Una identidad que exige vencer barreras
Para Maritza Serna, personera del municipio risaraldense de Santuario, la cantidad de barreras superadas con este proceso muestra que muchas cosas del país pueden avanzar únicamente con voluntad política y una profunda integración institucional: “En el colectivo hay dos tipos de mujeres, las que nunca fueron registradas y necesitan un certificado de oriundez, negado por las autoridades del resguardo, y aquellas que tienen cédula con un nombre masculino con el que no se identifican y prefieren no mostrar. Para el primer grupo, además de un proceso gratuito de corrección del registro civil, se requirió una resolución especial de la Registraduría. Aún así, surgieron costos inevitables como impuestos y hojas notariales, además de los gastos de transporte y alimentación necesarios para concretar el trámite. Ahí surgió una coordinación entre la Consejería de Paz, la Defensoría del Pueblo, la Gobernación, la Personería, la ANT, la Alcaldía de Santuario, la Superintendencia de Notariado y Registro y la Presidencia para que hoy, después de dos años, estemos entregando las primeras contraseñas que reconocen la identidad y ciudadanía de estas mujeres víctimas de discriminación y en muchos casos del conflicto armado”.
El derecho a la identidad y a tener su propia tierra, es parte de la lucha de Las mariposas del café, mujeres Emberá trans que aquí posan en una fotografía frente a la notaría de Santuario, Risaralda. Foto: Xiomara Carvajal.
Al final de la jornada, un puñado de Las Mariposas del Café recibieron una contraseña que las identifica como mujeres, con el nombre que cada una de ellas escogió cuando decidieron cambiar su destino y abrir las alas más allá de su capullo de dolor y destierro. Los nombres de estas mujeres van de María hasta Paola y contrastan en sencillez y sobriedad con los collares y el maquillaje que lucieron en sus fotos, que para los emberá representan una forma de comunicación y una cultura ancestral, luminosa y espiritual que al resto nos resulta tan extraña.

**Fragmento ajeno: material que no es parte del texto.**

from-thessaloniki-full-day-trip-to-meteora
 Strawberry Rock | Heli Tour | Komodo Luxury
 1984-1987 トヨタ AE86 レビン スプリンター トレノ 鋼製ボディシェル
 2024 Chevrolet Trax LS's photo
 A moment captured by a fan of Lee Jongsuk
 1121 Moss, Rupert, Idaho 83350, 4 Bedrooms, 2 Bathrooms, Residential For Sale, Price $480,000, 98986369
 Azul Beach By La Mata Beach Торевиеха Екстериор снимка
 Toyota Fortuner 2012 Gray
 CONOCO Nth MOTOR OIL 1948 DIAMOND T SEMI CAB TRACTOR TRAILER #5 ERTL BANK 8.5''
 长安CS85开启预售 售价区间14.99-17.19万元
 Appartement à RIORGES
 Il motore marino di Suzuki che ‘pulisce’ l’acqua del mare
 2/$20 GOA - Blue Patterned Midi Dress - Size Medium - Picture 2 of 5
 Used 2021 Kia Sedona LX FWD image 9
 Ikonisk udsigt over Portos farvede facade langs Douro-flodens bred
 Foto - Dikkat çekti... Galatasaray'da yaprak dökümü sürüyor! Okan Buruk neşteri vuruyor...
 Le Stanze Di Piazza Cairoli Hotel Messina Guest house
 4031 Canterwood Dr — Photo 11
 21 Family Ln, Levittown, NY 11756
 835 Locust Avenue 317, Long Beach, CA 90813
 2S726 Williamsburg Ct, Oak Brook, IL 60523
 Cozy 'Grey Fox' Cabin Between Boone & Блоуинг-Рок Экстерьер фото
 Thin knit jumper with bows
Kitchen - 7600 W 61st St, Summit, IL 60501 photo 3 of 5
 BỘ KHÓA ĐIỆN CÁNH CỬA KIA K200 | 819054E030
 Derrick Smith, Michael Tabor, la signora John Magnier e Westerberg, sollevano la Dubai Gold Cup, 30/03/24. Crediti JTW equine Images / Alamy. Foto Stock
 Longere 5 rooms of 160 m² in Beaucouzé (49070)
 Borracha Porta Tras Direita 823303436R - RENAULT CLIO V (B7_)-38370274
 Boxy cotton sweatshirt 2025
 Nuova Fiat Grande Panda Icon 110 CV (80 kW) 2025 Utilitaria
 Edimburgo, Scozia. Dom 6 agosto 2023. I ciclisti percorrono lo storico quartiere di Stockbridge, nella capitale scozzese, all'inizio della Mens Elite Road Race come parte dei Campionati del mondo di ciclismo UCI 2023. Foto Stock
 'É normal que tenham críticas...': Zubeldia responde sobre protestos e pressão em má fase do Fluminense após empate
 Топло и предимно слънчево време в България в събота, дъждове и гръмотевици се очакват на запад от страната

Sam sabe que esta es apenas una batalla ganada y que el camino que ella y sus compañeras deben recorrer, es largo y pantanoso:
“Hoy estoy muy feliz porque la gente ya va a saber que estas Mariposas de Santuario ya son gente ante la ley y ante los hombres, que tienen reconocimiento, que merecen respeto y que más adelante vamos a cambiar muchas vidas. Me siento orgullosa por nosotras, aunque hoy apenas somos veinticinco las mujeres que recibimos contraseña. Me da un poco de tristeza como miembro saber que si nosotras no tenemos un espacio, no podemos ayudar y proteger a las niñas menores de edad que se fueron de los resguardos y que hoy están sufriendo en los cuarteles de las fincas, y que seguiremos siendo esclavas hasta que no podamos sembrar nuestra propia tierra”.
Aunque algunas niñas estaban acompañando el evento, escogieron el silencio mientras ganan sus luchas; saben que deben mantener sus empleos y no quieren represalias, solo esperan que pronto sea también su día de nacer ante el Estado y de poder cultivar una tierra que les pertenezca.
Que una cédula de ciudadanía tan sencilla y cotidiana tome años en llegar y exija recorrer un laberinto de despachos, trámites y barreras, es una herida profunda que sangra en el corazón del país. En el vuelo de estas Mariposas hay una promesa esperando a ser cumplida, la de un país que en lugar de voltear la mirada, enfrente su diversidad con gestos de reconocimiento y con el profundo entendimiento de que la paz no es el lujo de unos pocos, sino el derecho de todos a poder echar raíces y florecer más allá de los prejuicios, la persecución y el miedo.